Datapaths and Microoperations
In most digital system designs, we partition the system into two types of modules: a datapath, which performs the actual data-processing operations, and a control unit, which determines the sequence of those operations. Slide 7-1 shows the general relationship between a datapath and a control unit. Control signals are binary signals that activate the various data-processing operations. To activate a sequence of such operations, the control unit sends the proper sequence of control signals to the datapath. The control unit, in turn, receives status signals from the datapath. These binary variables describe aspects of the “state” of the datapath. The control unit uses these variables to “orchestrate” the specific sequence of operations to be performed. Note that the datapath and control unit may also interact with other parts of a digital system, such as memory and input-output logic, through the paths labeled data inputs, data outputs, control inputs, and control outputs.

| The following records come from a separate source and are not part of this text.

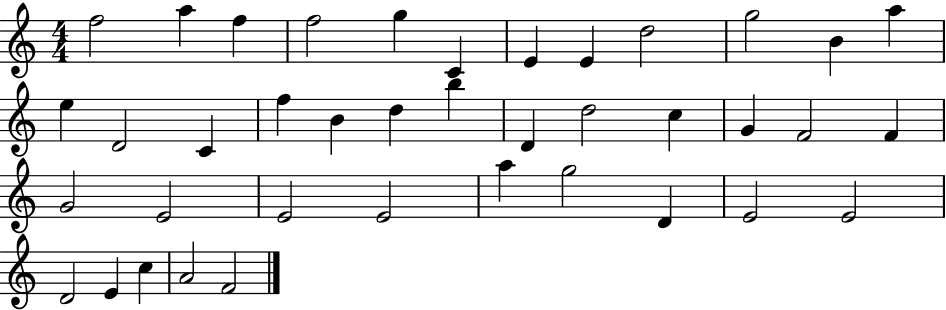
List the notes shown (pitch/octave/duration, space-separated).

F5/h A5/q F5/q F5/h G5/q C4/q E4/q E4/q D5/h G5/h B4/q A5/q E5/q D4/h C4/q F5/q B4/q D5/q B5/q D4/q D5/h C5/q G4/q F4/h F4/q G4/h E4/h E4/h E4/h A5/q G5/h D4/q E4/h E4/h D4/h E4/q C5/q A4/h F4/h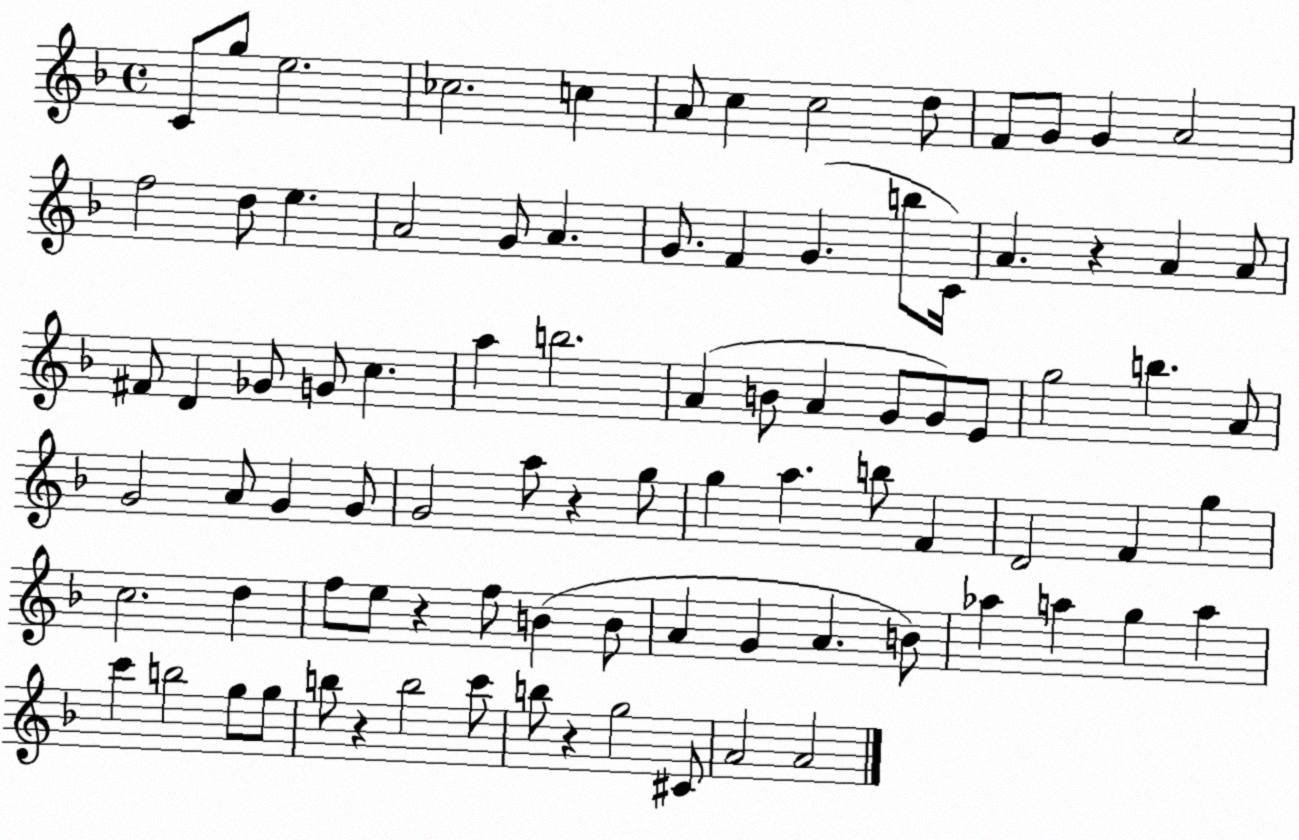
X:1
T:Untitled
M:4/4
L:1/4
K:F
C/2 g/2 e2 _c2 c A/2 c c2 d/2 F/2 G/2 G A2 f2 d/2 e A2 G/2 A G/2 F G b/2 C/4 A z A A/2 ^F/2 D _G/2 G/2 c a b2 A B/2 A G/2 G/2 E/2 g2 b A/2 G2 A/2 G G/2 G2 a/2 z g/2 g a b/2 F D2 F g c2 d f/2 e/2 z f/2 B B/2 A G A B/2 _a a g a c' b2 g/2 g/2 b/2 z b2 c'/2 b/2 z g2 ^C/2 A2 A2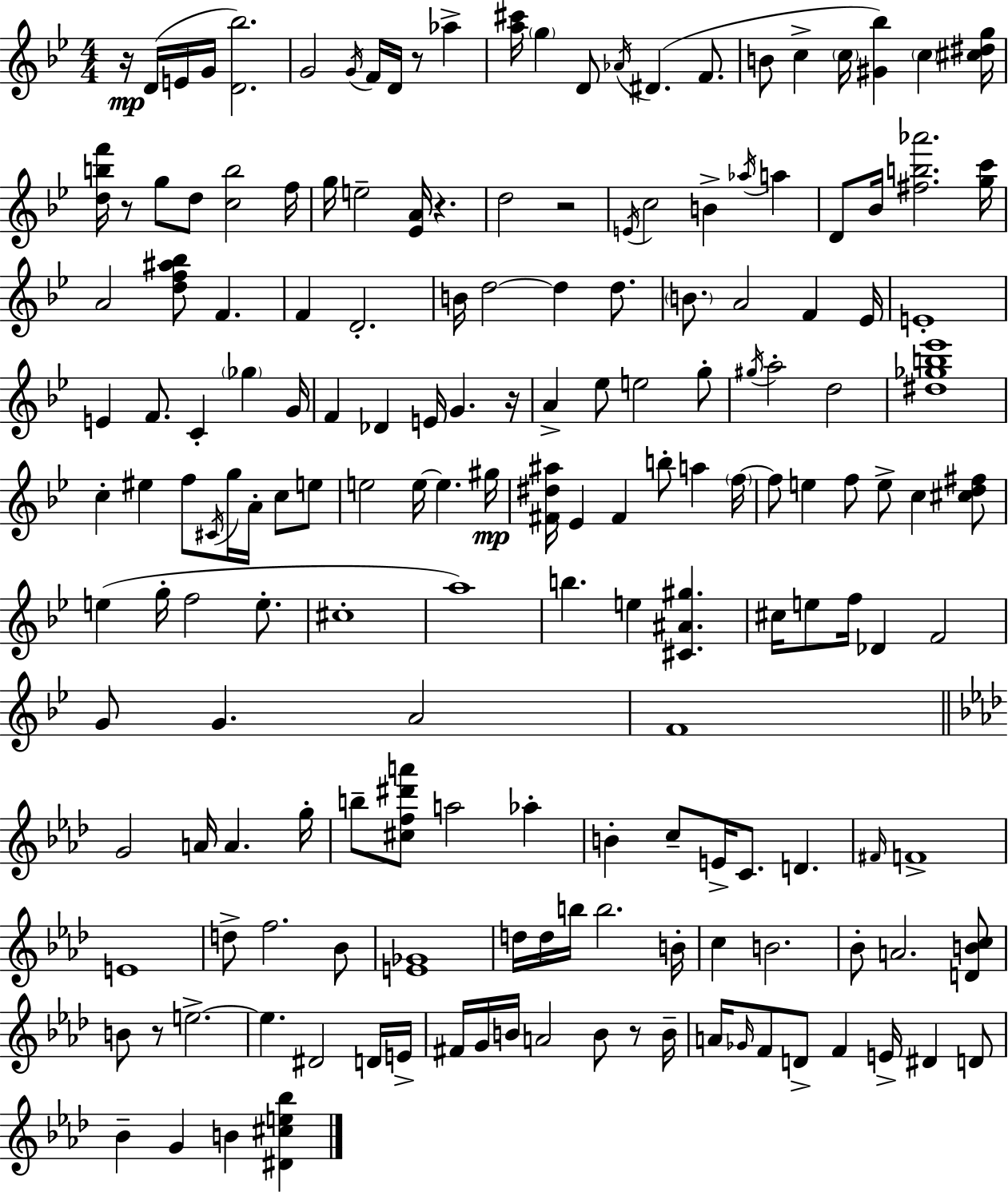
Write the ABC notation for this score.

X:1
T:Untitled
M:4/4
L:1/4
K:Bb
z/4 D/4 E/4 G/4 [D_b]2 G2 G/4 F/4 D/4 z/2 _a [a^c']/4 g D/2 _A/4 ^D F/2 B/2 c c/4 [^G_b] c [^c^dg]/4 [dbf']/4 z/2 g/2 d/2 [cb]2 f/4 g/4 e2 [_EA]/4 z d2 z2 E/4 c2 B _a/4 a D/2 _B/4 [^fb_a']2 [gc']/4 A2 [df^a_b]/2 F F D2 B/4 d2 d d/2 B/2 A2 F _E/4 E4 E F/2 C _g G/4 F _D E/4 G z/4 A _e/2 e2 g/2 ^g/4 a2 d2 [^d_gb_e']4 c ^e f/2 ^C/4 g/4 A/4 c/2 e/2 e2 e/4 e ^g/4 [^F^d^a]/4 _E ^F b/2 a f/4 f/2 e f/2 e/2 c [^cd^f]/2 e g/4 f2 e/2 ^c4 a4 b e [^C^A^g] ^c/4 e/2 f/4 _D F2 G/2 G A2 F4 G2 A/4 A g/4 b/2 [^cf^d'a']/2 a2 _a B c/2 E/4 C/2 D ^F/4 F4 E4 d/2 f2 _B/2 [E_G]4 d/4 d/4 b/4 b2 B/4 c B2 _B/2 A2 [DBc]/2 B/2 z/2 e2 e ^D2 D/4 E/4 ^F/4 G/4 B/4 A2 B/2 z/2 B/4 A/4 _G/4 F/2 D/2 F E/4 ^D D/2 _B G B [^D^ce_b]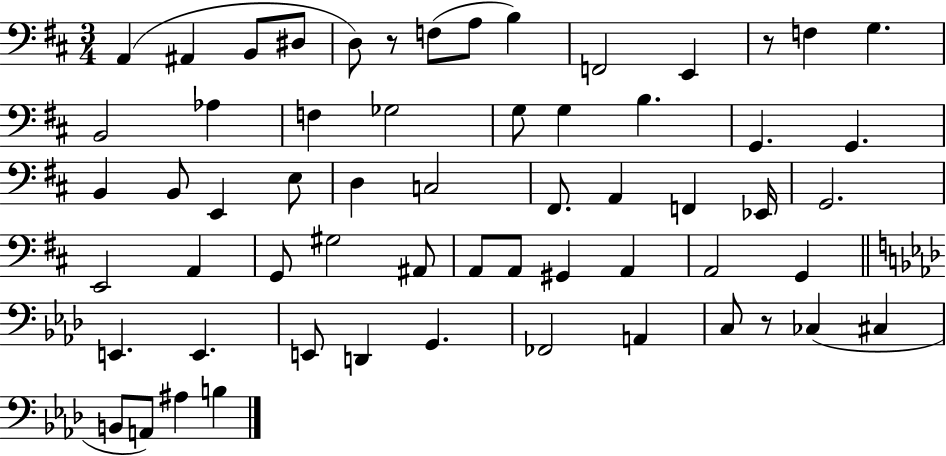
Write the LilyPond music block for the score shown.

{
  \clef bass
  \numericTimeSignature
  \time 3/4
  \key d \major
  a,4( ais,4 b,8 dis8 | d8) r8 f8( a8 b4) | f,2 e,4 | r8 f4 g4. | \break b,2 aes4 | f4 ges2 | g8 g4 b4. | g,4. g,4. | \break b,4 b,8 e,4 e8 | d4 c2 | fis,8. a,4 f,4 ees,16 | g,2. | \break e,2 a,4 | g,8 gis2 ais,8 | a,8 a,8 gis,4 a,4 | a,2 g,4 | \break \bar "||" \break \key f \minor e,4. e,4. | e,8 d,4 g,4. | fes,2 a,4 | c8 r8 ces4( cis4 | \break b,8 a,8) ais4 b4 | \bar "|."
}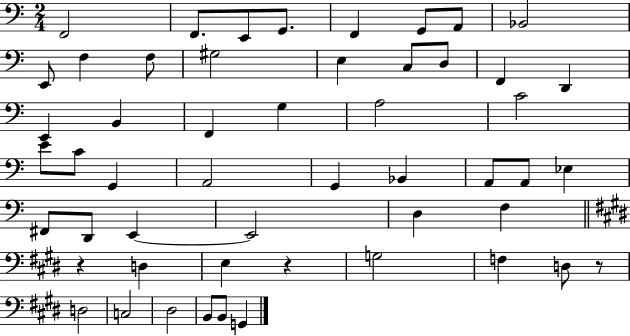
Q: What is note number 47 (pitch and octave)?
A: B2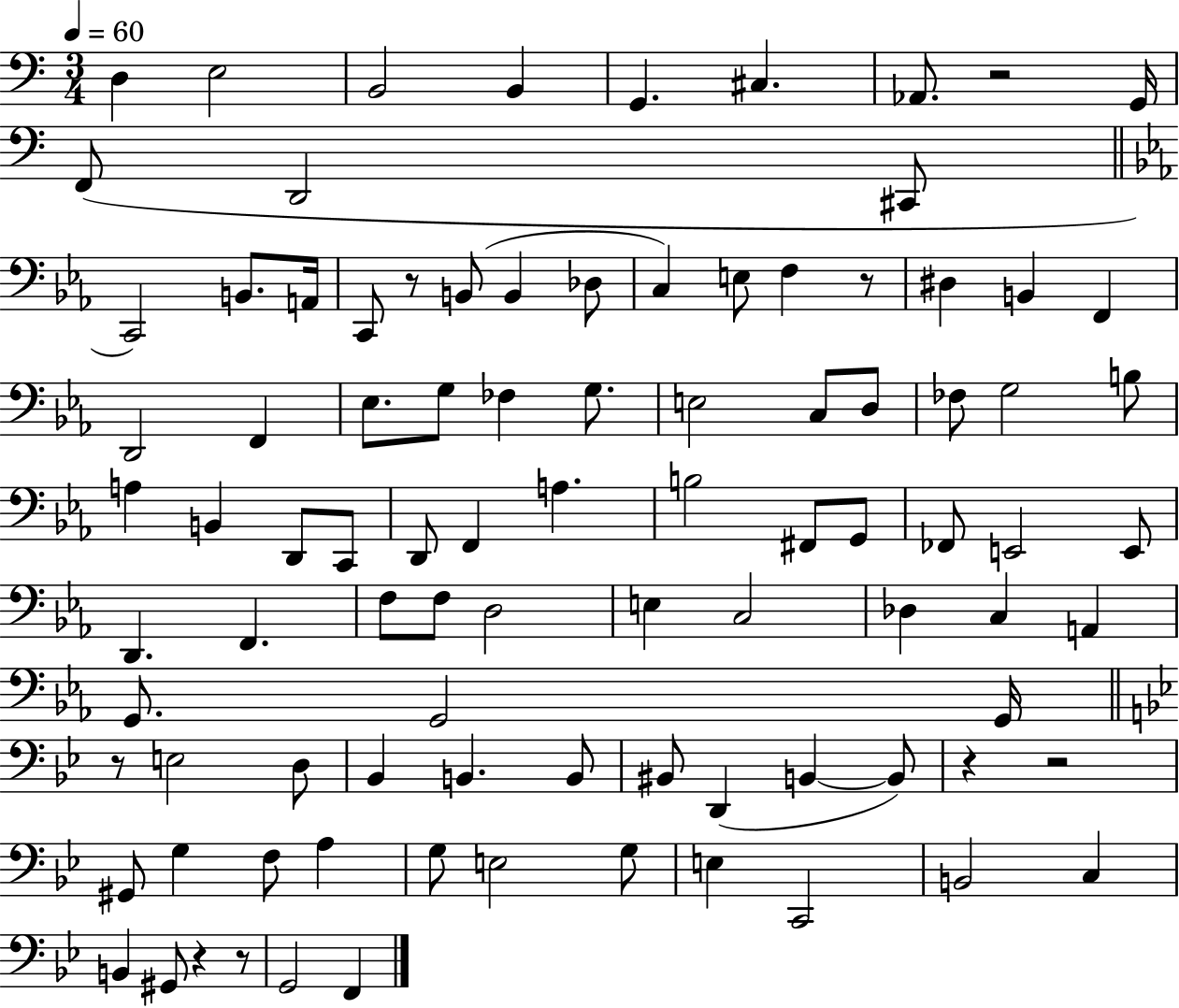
D3/q E3/h B2/h B2/q G2/q. C#3/q. Ab2/e. R/h G2/s F2/e D2/h C#2/e C2/h B2/e. A2/s C2/e R/e B2/e B2/q Db3/e C3/q E3/e F3/q R/e D#3/q B2/q F2/q D2/h F2/q Eb3/e. G3/e FES3/q G3/e. E3/h C3/e D3/e FES3/e G3/h B3/e A3/q B2/q D2/e C2/e D2/e F2/q A3/q. B3/h F#2/e G2/e FES2/e E2/h E2/e D2/q. F2/q. F3/e F3/e D3/h E3/q C3/h Db3/q C3/q A2/q G2/e. G2/h G2/s R/e E3/h D3/e Bb2/q B2/q. B2/e BIS2/e D2/q B2/q B2/e R/q R/h G#2/e G3/q F3/e A3/q G3/e E3/h G3/e E3/q C2/h B2/h C3/q B2/q G#2/e R/q R/e G2/h F2/q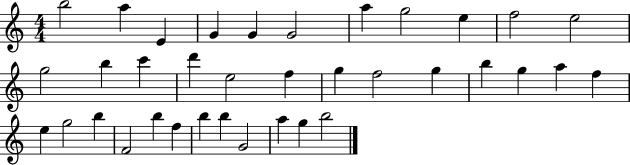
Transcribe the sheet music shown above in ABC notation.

X:1
T:Untitled
M:4/4
L:1/4
K:C
b2 a E G G G2 a g2 e f2 e2 g2 b c' d' e2 f g f2 g b g a f e g2 b F2 b f b b G2 a g b2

Datapaths are best defined by their registers and the operations that are performed on the binary information stored in the registers. In fact, registers are the “bread and butter” of computer design. They are both the source and destination of almost all computer operations. Examples of register operations are increment, shift, count, clear and load. The movement of data stored in registers and the processing performed on the data are referred to as register transfer operations. The register transfer operations of digital systems are specified by the following three basic components:
• The set of registers in the system
• The operations that are performed on the data stored in the registers
• The control that “orchestrates” the sequence of operations in the system
A register has the capability to perform one or more elementary operations such as increment, shift, add, subtract and load. For example, as we’ve studied, a bi-directional shift register has the ability to shift the contents of the register one bit to the left or to the right. An up-down counter is a register that can either increment or decrement the contents of the register by 1. A flip-flop is a one-bit register that can be set or cleared.
The elementary operations performed on the data stored in registers are called microoperations. Examples of microoperations are transferring the contents of one register to another, adding the contents of two registers, incrementing (or decrementing) a register and shifting a register. Describing microoperations as elementary (i.e. atomic, primitive) refers to the characteristic that the operations are performed during one clock cycle on the information stored in one or more of the registers. Most of the digital functions introduced earlier were registers that lend themselves to these typical microoperations.